**Exercise requirements:** Print the lines in the listing below starting at the line with "Mexen Kioto Duschwand" and ending at the line with "Reading CNC Accuracy", both included. Reproduce them exactly and omit every picture.

**Supplied entries:**
====================

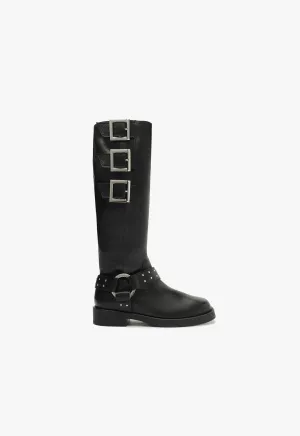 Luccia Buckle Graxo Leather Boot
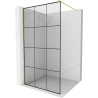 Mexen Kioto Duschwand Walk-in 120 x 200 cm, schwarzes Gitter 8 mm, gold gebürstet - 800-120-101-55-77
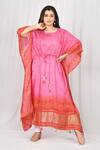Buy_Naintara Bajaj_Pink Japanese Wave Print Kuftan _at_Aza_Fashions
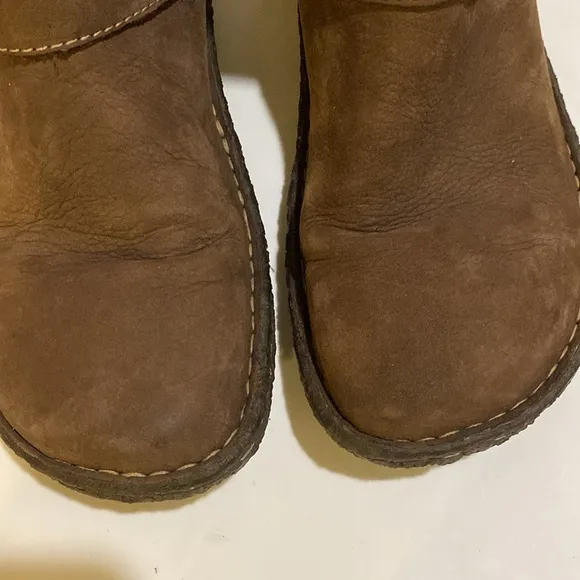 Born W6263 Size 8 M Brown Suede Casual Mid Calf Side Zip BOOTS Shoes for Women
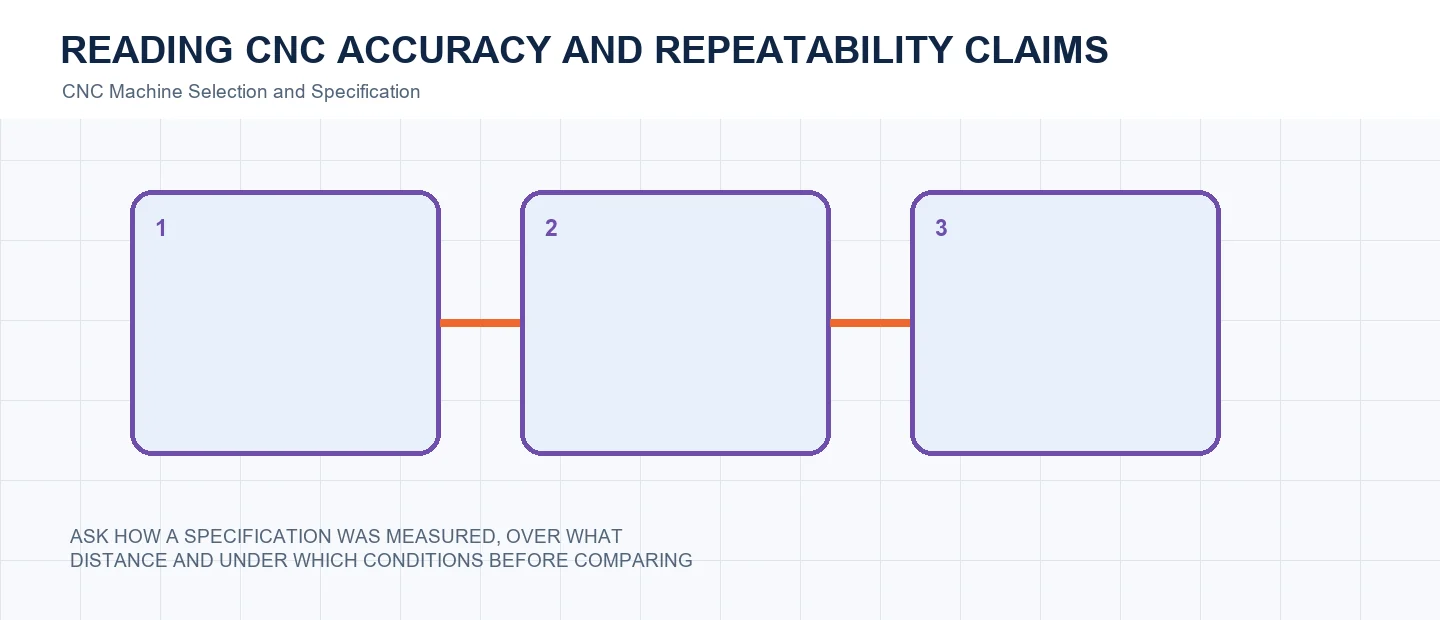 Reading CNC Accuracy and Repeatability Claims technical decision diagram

====================

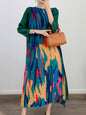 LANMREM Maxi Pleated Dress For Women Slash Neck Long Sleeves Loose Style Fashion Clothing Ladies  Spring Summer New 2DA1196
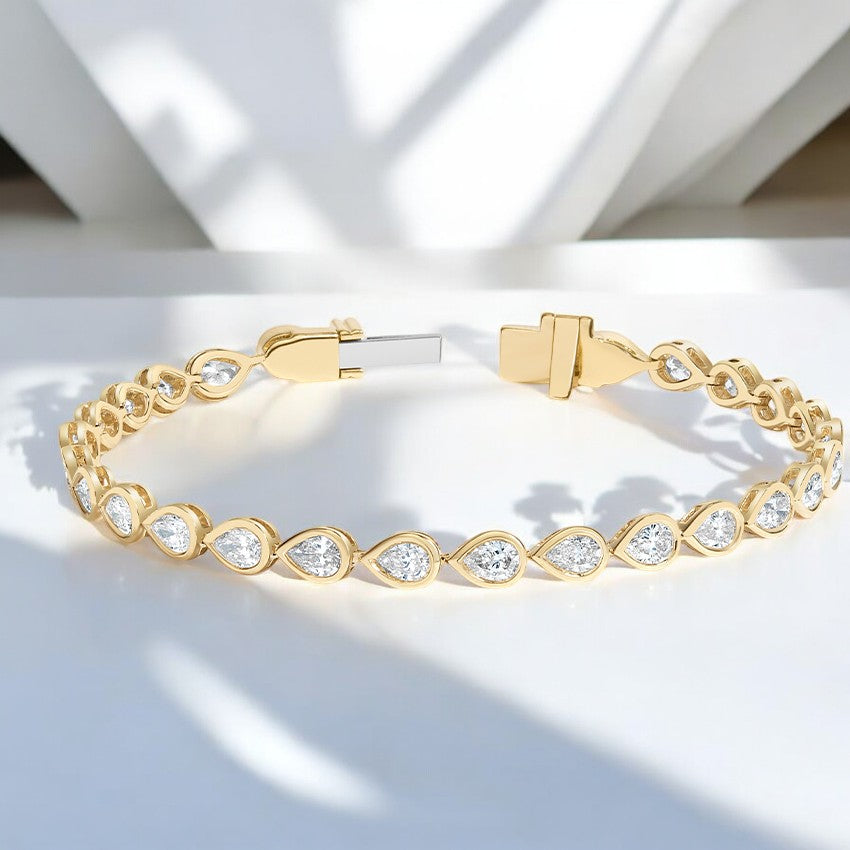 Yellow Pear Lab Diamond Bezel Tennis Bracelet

====================

**Output of the task:**
 Mexen Kioto Duschwand Walk-in 120 x 200 cm, schwarzes Gitter 8 mm, gold gebürstet - 800-120-101-55-77
Buy_Naintara Bajaj_Pink Japanese Wave Print Kuftan _at_Aza_Fashions
 Born W6263 Size 8 M Brown Suede Casual Mid Calf Side Zip BOOTS Shoes for Women
 Reading CNC Accuracy and Repeatability Claims technical decision diagram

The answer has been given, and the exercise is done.